Apart from the loan to the RINL, “We have lent Rs 6,200 crore to others in the three districts of Visakhapatnam, Vizianagaram and Srikakulam comprising the Visakhapatnam zone and the deposits are Rs 8,000 crore.”

In response to a question on the loan given to Kingfisher Airlines, he said the bank was calling back the loan and taking legal steps. “All the banks put together have lent Rs 6,000 crore or so and our exposure is Rs 1,600 crore or so. We have asked the management to revive it, but there seems to be no such possibility and therefore we have to take legal action to recover our money,” he said and added that even though “the bank is open to the idea of reviving the company in view of the large number of employees involved, if there is a viable proposal.”

CSR

He said the bank was laying a lot of stress on CSR activities and “we have to spend 1 per cent of our profit on corporate social responsbility projects and during the current financial year we have to spend Rs 118 crore and we have already spent Rs 114 crore and the remaining Rs 4 crore will also be spent before the end of March.”

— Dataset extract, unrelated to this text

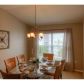 1717 SASSAFRAS DR, Wesley Chapel, FL 33543 ID:1057464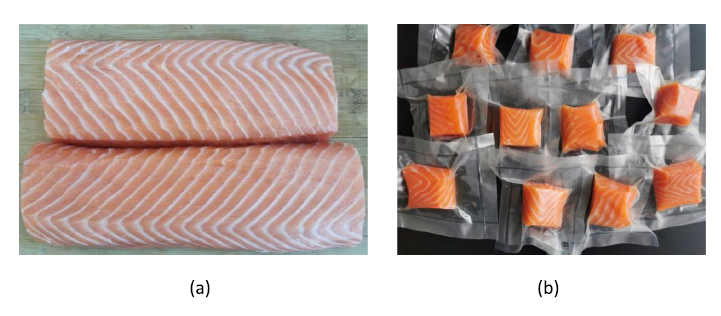 image.png 上海腾拔质构仪助力哈尔滨商业大学发表关于大西洋鲑鱼的国际期刊论文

He said the SBI had recruited 20,000 junior staff, of which 14,000 had joined. The bank had also called for applications to posts of 1,500 probationary officers, for which it had received 15 lakh applications. The process of recruitment would be over by June or July.

On competition from private banks, he said his bank was ready for it and it had at present 17 per cent market share. On the issue of merger of the subsidiaries, he said it would take at least a decade for all the subsidiaries to be merged. The State Bank of Hyderabad being the largest would take a considerably longer period.

In response to a question on attrition rate, he said it was in the range of 25-30 per cent among the junior staff, “as our salaries are lower in comparison with private companies and the staff have to work in rural and semi-urban areas.” However, there was no problem as the bank was always keeping a reserve of junior staff, he added.